| It would be interesting to extend it to zip, which is what redbean/greenbean use to serve static assets. Back in school, I worked on a project called Velox, with a partner - the idea was to take a bz2-compressed dump of the giant XML export of wikipedia, and write a program to serve that copy of wikipedia from disk (this was in 2008-2010? in my master's program, so before Kiwix and the amazing zim dumps they produce). My partner worked on the UI and indexing, and I was focusing on how to parse the bz2 compression format to locate article boundaries in the (giant) XML dump that Wikipedia provides.

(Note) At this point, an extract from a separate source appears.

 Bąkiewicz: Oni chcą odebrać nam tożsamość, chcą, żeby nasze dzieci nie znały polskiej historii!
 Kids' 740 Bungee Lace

I ended up putting a lot of time into it because it was a bunch of fun. Writing this just sent me back to the presentation I made. The slide I wrote back then said: > Significant original work went into creation of archive access. The Apache BZip2 library that is part of Ant was used as a basis for archive access. > Modified to support random access to a given byte/bit offset pair within the compressed data stream (BZip2 is not a byte-aligned format)

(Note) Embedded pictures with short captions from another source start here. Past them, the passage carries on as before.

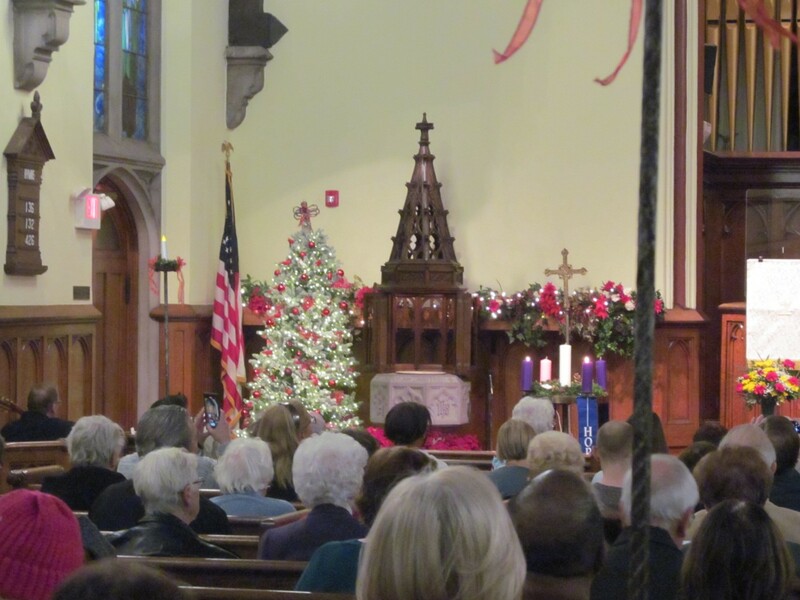 Christmas Concert 2025 Playlist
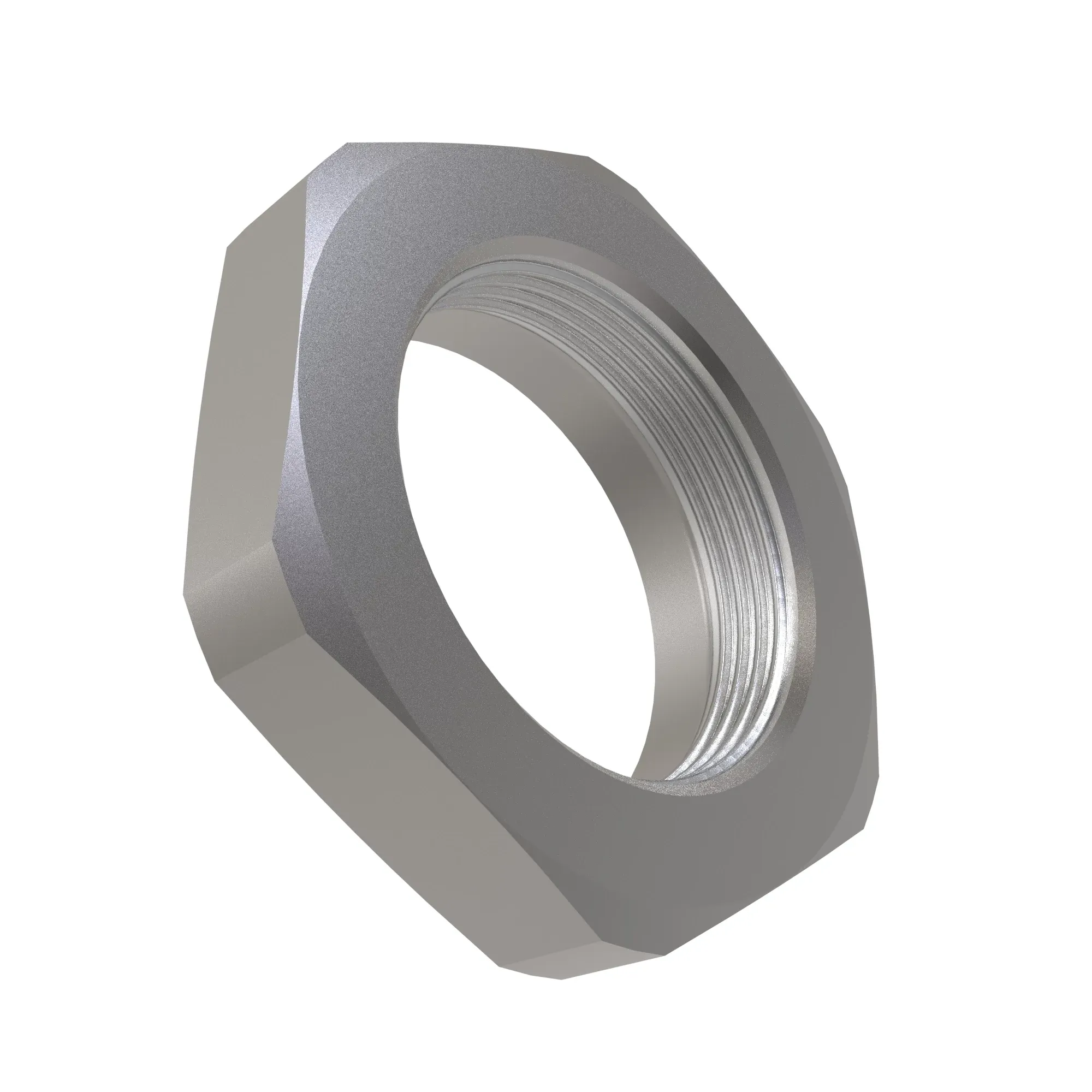 John Deere Hexagonal Shoulder Lock Nut - L211009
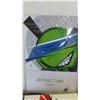 Image 2 : Limited Edition Teenage Mutant Ninja Turtles Abstract 4 Piece Art Print Signed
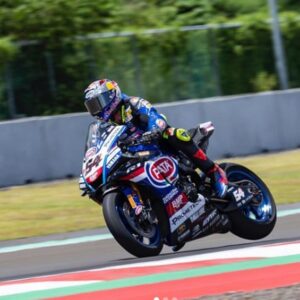 Toprak Razgatlioglu Mirip Marc Marquez atau BMW Mirip Honda Era Kejayaan?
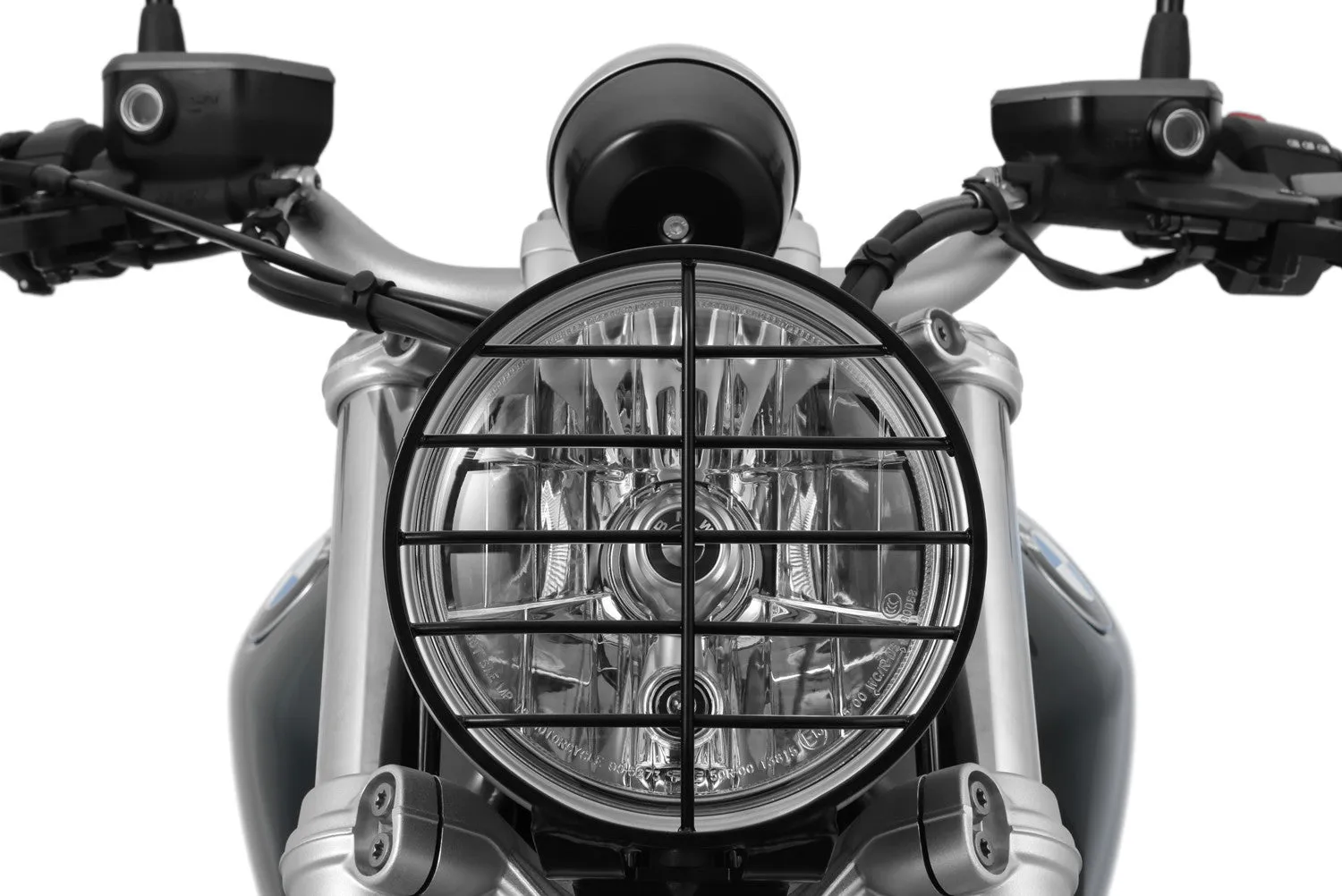BMW R NineT Protection - Grill Headlight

> Extended to index all BZip2 block positions, allowing Java-based pseudo-random access to BZip2 compressed data
> Extended to map article IDs to block numbers for constant-time article retrieval, even in BZip2 archives exceeding 5GB in size > Current article retrieval times are ~2 seconds. This is back when the archive was ~7GB IIRC. My Kiwix dumps today are ~120GB, but that includes images. This is the link to the presentation in Google Slides that we wrote back in 2008 or so. The version history shows 2013, but I think some kind of import/conversion happened around that time. https://docs.google.com/presentation/d/e/2PACX-1vTfrxEqvHbd0... |
The more interesting trick you can do with zip files for HTTP serving is to serve the compressed deflate stream as gzip, or use Zstd inside zip. Then you have a valid zip file from which bytes can be served directly.
I have some code which does this at https://git.sr.ht/~dgl/deserve/